CREATE RULE "movies_start_date_setter" AS ON INSERT TO "shows"
WHERE movies.id = NEW.movie_id AND movies.start_date < NEW.date
DO (UPDATE movies SET start_date = NEW.date);

It returns: ERROR: missing FROM-clause entry for table "movies" This error doesn't give me (as a beginner) any information where I'm missing a FROM clause and why.

Now since everybody seems to think a rule is a bad idea (and I tend to bow the pressure) I tried a trigger, which is absolutely totally new to me.

Using a trigger (highly recommended) it would look something like this:

CREATE OR REPLACE FUNCTION adjust_start_date()
RETURNS trigger AS
$BODY$
BEGIN
    UPDATE movies SET start_date = NEW.date
    WHERE id = NEW.movie_id AND start_date > NEW.date;    
    RETURN NEW;
END;
$BODY$
LANGUAGE 'plpgsql';

Followed by:

CREATE TRIGGER adjust_start_date_trigger
   AFTER INSERT
   ON shows
   FOR EACH ROW
   EXECUTE PROCEDURE adjust_start_date(); 

This trigger may or may not work, it solves my issue but doesn't answer my original question... Anybody else out there smarter than me (I sure hope so!)?

Upvotes: 2

Views: 139

Answers (2)

Laurenz Albe
Laurenz Albe

Reputation: 247235

The reson for the error message is that you reference table movies in the WHERE clause.

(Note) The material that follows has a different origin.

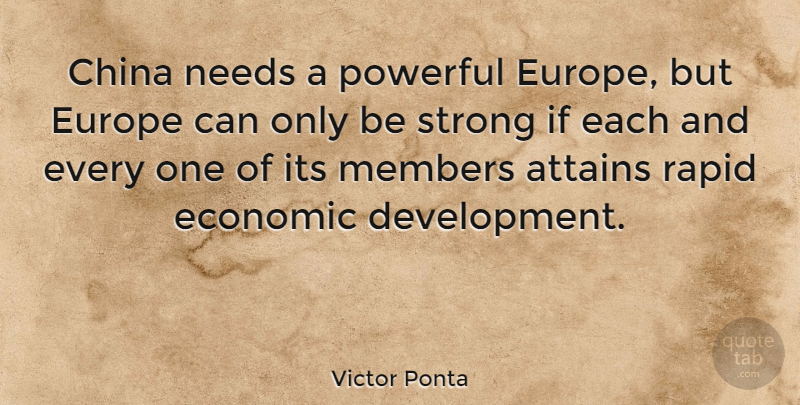 Victor Ponta Quote About Attains, China, Europe, Members, Needs: China Needs A Powerful Europe...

You could try with a query rewrite rule like this:

CREATE RULE movies_start_date_setter AS
   ON INSERT TO shows DO ALSO
   UPDATE movies
      SET start_date = LEAST(NEW.date, start_date),
          end_date = GREATEST(NEW.date, end_date)
      WHERE id = NEW.movie_id
        AND NEW.date NOT BETWEEN start_date AND end_date;

but that won't work with multi-line INSERTs like this:

INSERT INTO shows (id, movie_id, date) VALUES
    (1, 42, <very small date>),
    (2, 42, <very large date>);

because only one of the dates in the movies row with id = 42 will get changed.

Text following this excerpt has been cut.